Lastly, Microtune cut a swath through its Bluetooth division, laying off
more than 50 percent. The exact headcount eliminated was not made public and
Microtune did not respond to requests seeking comment but the firm said in a
statement that it will focus on its new CableFree USB product line.

Microtune will also continue making tuner, amplifier, upconverter, and
transportation electronics product lines, as well as invest in research and
development in the set-top box, digital television, PC/TV and LCD/TV

The firm said in the statement it believes the cost reductions will reduce
quarterly operating expenses of by approximately $2 million in the first
full quarter of reductions, which will be in Q3 of 2003. About 230 employees
remain with Microtune after the layoffs.

The semiconductor market had a rough go of it in the last year, but the
industry has stabilized and is on the verge of a healthy rebound, according to industry analysts making their predictions for next year.
Recent forecasts from Silicon Valley-based trade group Semiconductor
Industry Association (SIA) predict growth of about 21 percent to $169
billion in 2003, 22 percent to $206 billion in 2004, and then remain flat at
$206 billion in 2005.

Rather than address the strategic cost-cutting moves, Douglas J. Bartek,
Chairman, CEO, and President of Microtune, boasted about his company’s
recent legal wins against Broadcom in the press statement.
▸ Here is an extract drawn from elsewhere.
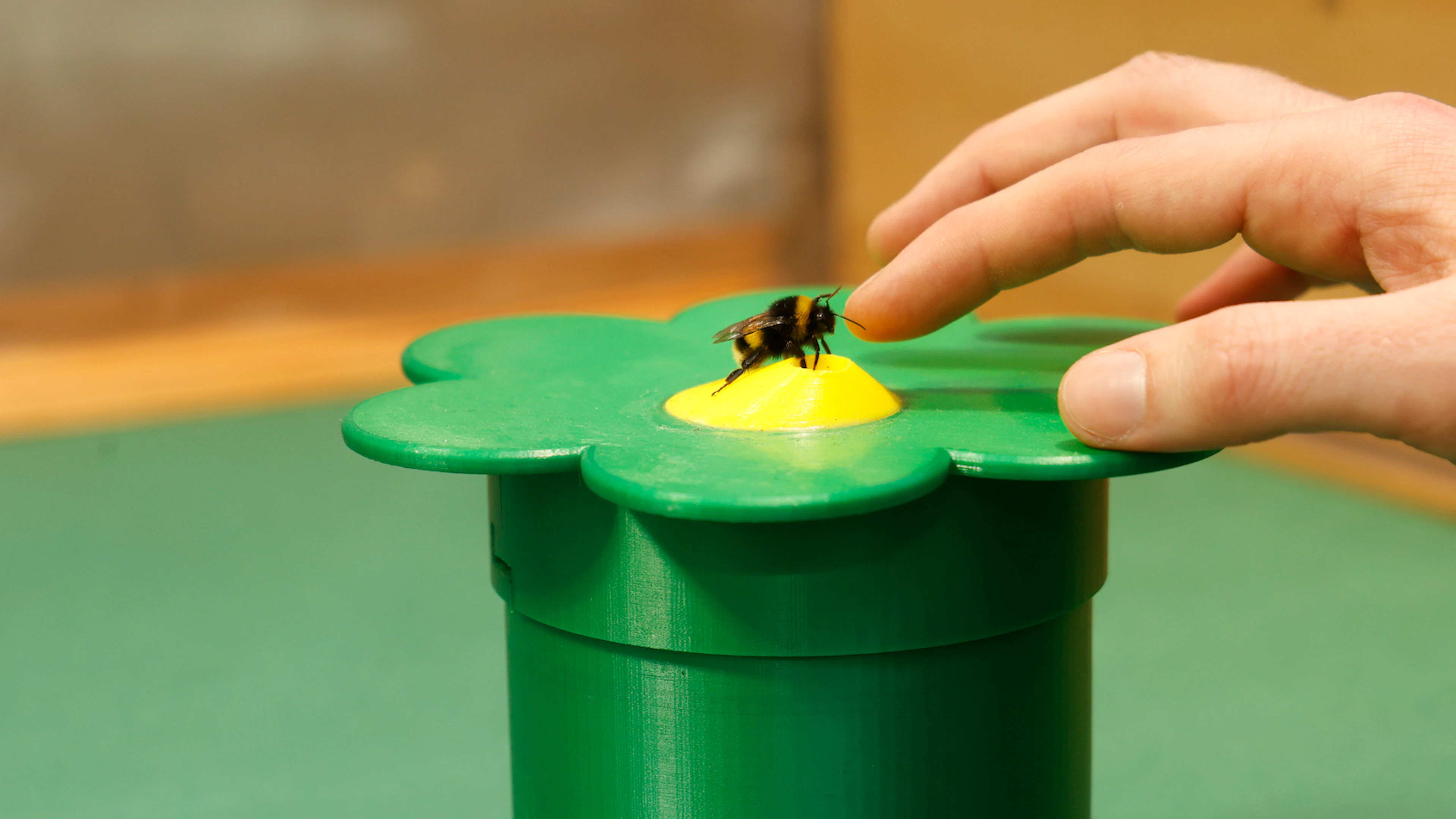 Zelfmedicatie? Zieke hommelkolonies kiezen voor medicinale nectar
“Our proprietary silicon tuner technology has been validated by the federal
court in our recent patent lawsuit win and preliminary injunction against
Broadcom, where we asserted claims under one of our 24 granted patents in
tuner technology,” Bartek said. “Every one of the 25 patent claims we
asserted was deemed to be valid, every claim was infringed by Broadcom, and
the jury determined that Broadcom willfully infringed. This powerful
validation has reinforced our focus on our core RF broadband technologies.”

Microtune plans to file this month its Annual Report on Form 10K for 2002
with the SEC. The 10K will describe adjustments to the first three reported
quarters of 2002 and restatement for 2001 as previously reported.